• [Exercise goal]
Repeat the whole listing below precisely. Omit all pictures.

• [Data segment]
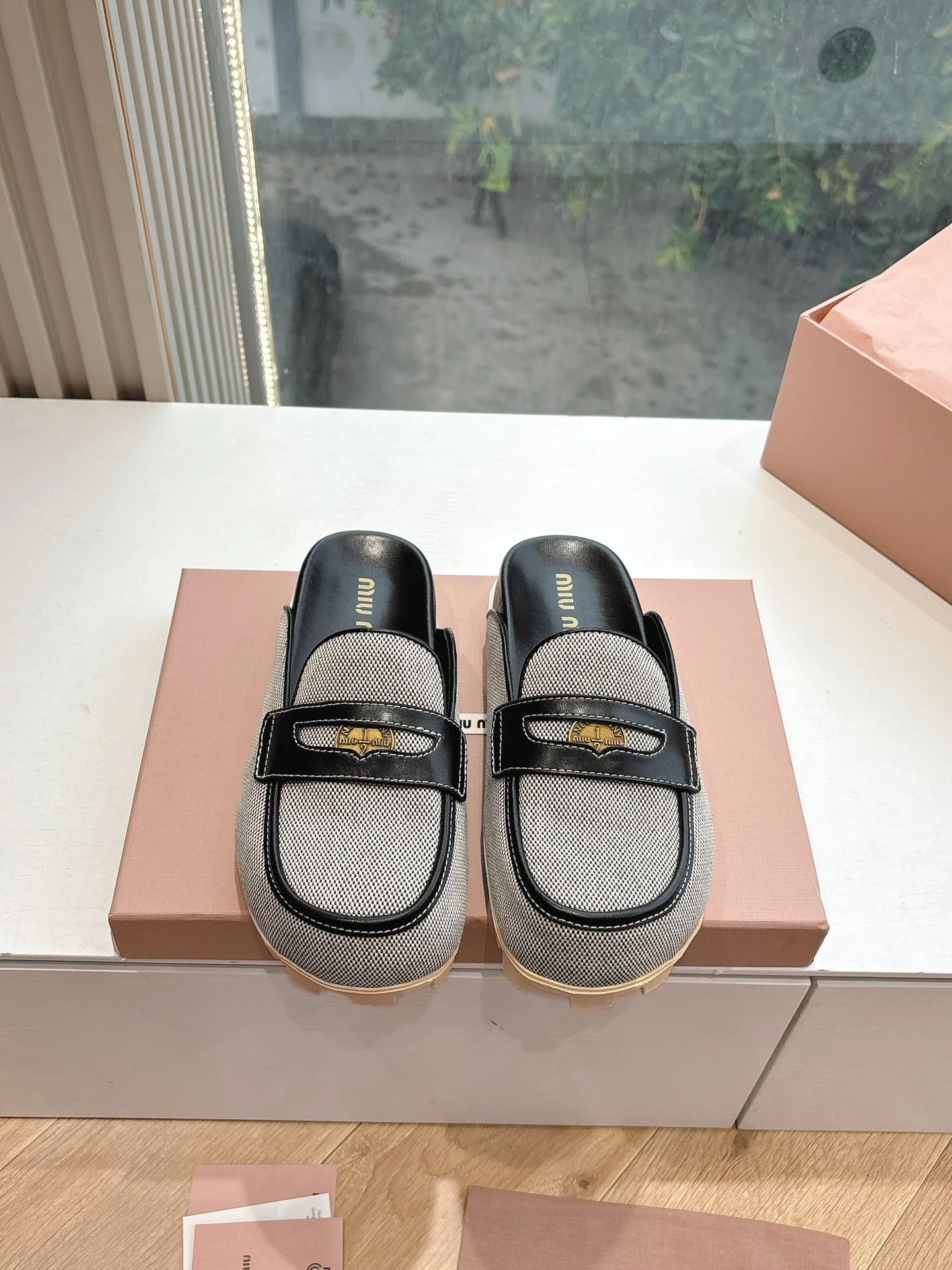 Мюли И Сабо Женские Miu Miu 15038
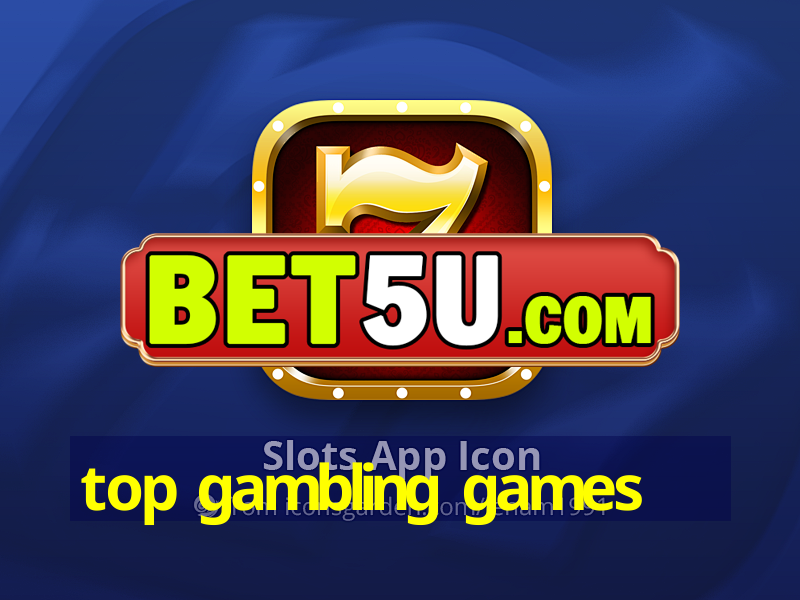 top gambling games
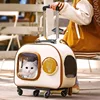 Sac chariot TV - convient jusqu'à 25 chats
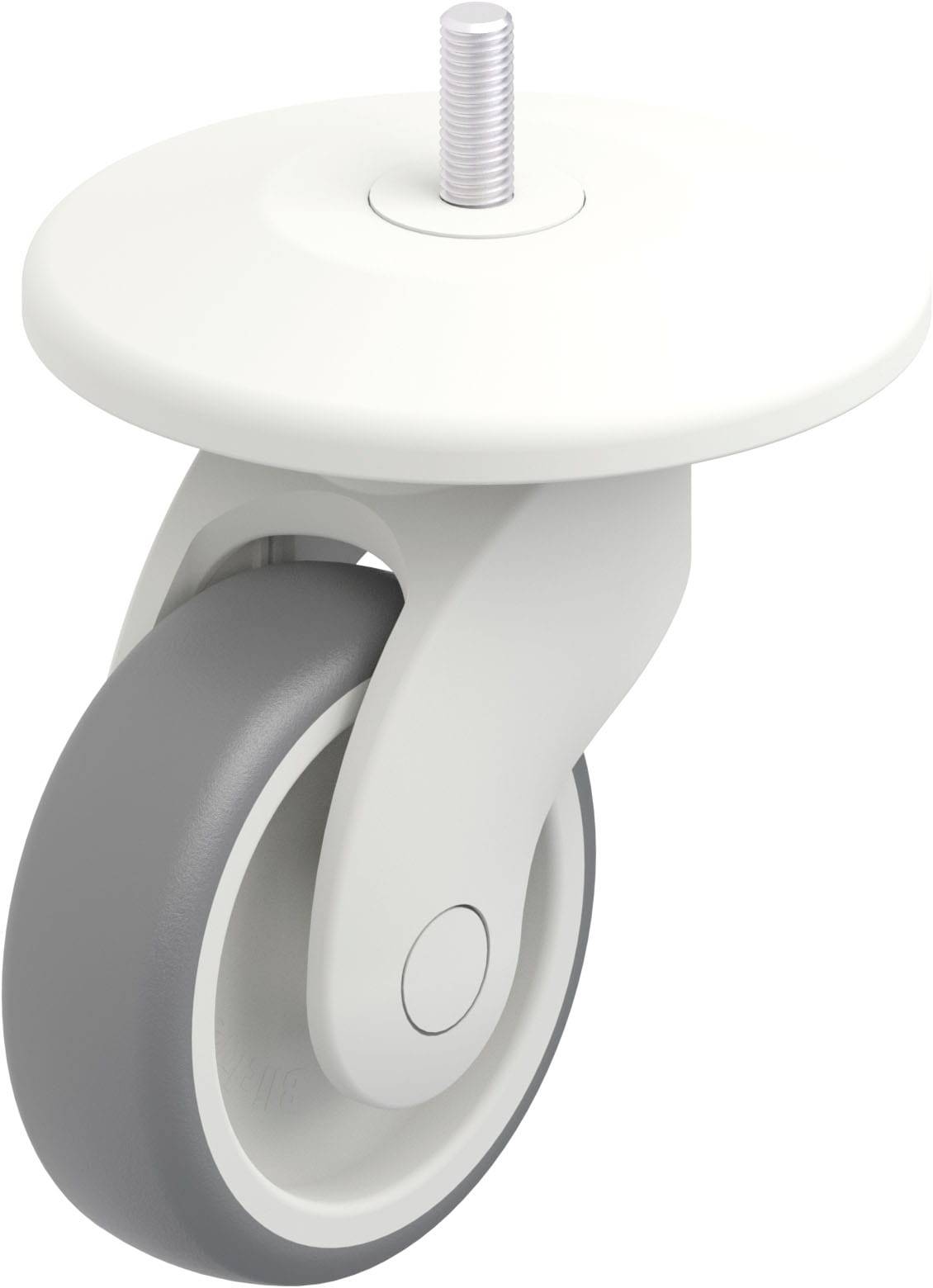 Blickle LWK-TPA 101G-11-AMW125 Kunststog zwenkwiel Wieldiameter: 100 mm Draagvermogen (max.): 100 kg 1 stuk(s)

• [Your solution]
 Мюли И Сабо Женские Miu Miu 15038
 top gambling games
 Sac chariot TV - convient jusqu'à 25 chats
 Blickle LWK-TPA 101G-11-AMW125 Kunststog zwenkwiel Wieldiameter: 100 mm Draagvermogen (max.): 100 kg 1 stuk(s)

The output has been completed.